PLIOCENE GEOLOGY IN MID-CONTINENT NORTH AMERICA: THE ARC RIVER STORY CONTINUED


LUMSDEN, David N., Earth Sciences, The University of Memphis, 3600 Walker Ave, Memphis, TN 38152, COX, Randel Tom, Earth Sciences, University of Memphis, Johnson Hall, Memphis, TN 38152, VAN ARSDALE, Roy B., Earth Sciences, University of Memphis, 235 Johnson Hall, Memphis, TN 38152 and PARKS, Alan, Exploration and Planning, Memphis Stone and Gravel, 1111Wilson Street, Memphis, 38101, dlumsden@memphis.edu

The Upland Complex (aka Lafayette Gravel) is the only sedimentary body deposited between the end of the Eocene and the onset of glaciation in the lower Mississippi River valley. The story of its origin provides insight into geologic processes that occurred in the heartland within this 30 million year interval. The Upland Complex is a terrace gravel deposited by Arc River (the Pliocene ancestor of the present Mississippi River) in the Mississippi Embayment. Modern exposures suggest that the Upland Complex initially extended in a belt up to 200 km wide with a thickness of 100m that extended at least from the confluence of the modern Mississippi and Ohio Rivers to the Gulf of Mexico. Abundant fist-sized (10 cm) cobbles and meander scars up to 20 km in diameter (two to three times those of the modern Mississippi River meanders) suggest a powerful torrent of water flowed south ultimately forming a thick gulf coast delta. The source of all this gravel and sand is simultaneously obvious and baffling. Examination of 20 exposures in Arkansas, Kentucky, Missouri, Mississippi, and Tennessee suggest a pattern of changing fluvial conditions; alluvial fan, braided and meandering as one progresses south.
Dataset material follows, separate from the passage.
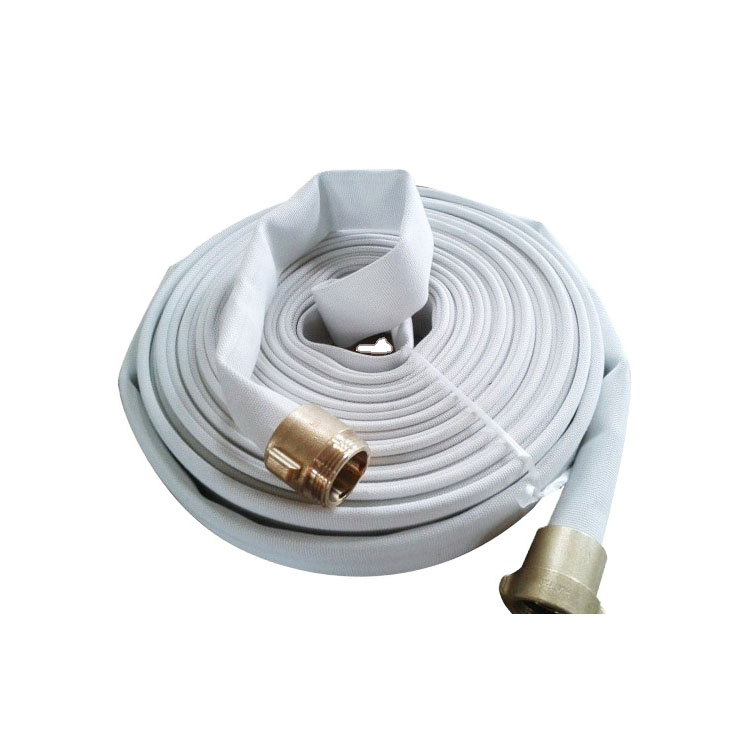 High Quality Fire Proof Flexible PVC Canvas Fire Rubber Hose Tube with 30 Meters Length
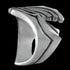 STAINLESS STEEL MEN'S TRIBAL RING - SIDE VIEW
Upland Complex chert clasts have textures and fossils similar to those of midcontinent Silurian to Mississippian bedded and nodular chert. Chert clast texture is similar both east and west of the present Mississippi River. Sand-sized grains have five textures, monocrystalline quartz, polycrystalline quartz, chert, goethite, and feldspar. East of the Mississippi River monocrystalline quartz is markedly more abundant than polycrystalline quartz and feldspar is absent. In contrast, west of the river the sand-sized grains have a greater proportion of polycrystalline quartz and 5 to 7% feldspar (both plagioclase and K-spar). We conclude that the sources of the sand components of the Upland Complex were different. Much of the quartz sand on Crowley’s Ridge came from the St. Francois Mountains of Missouri whereas sand east of the Mississippi came from uncertain sources to the north or east. Chert is the puzzle. Alluvial fan characteristics require a proximal high relief source to the east that is no longer present.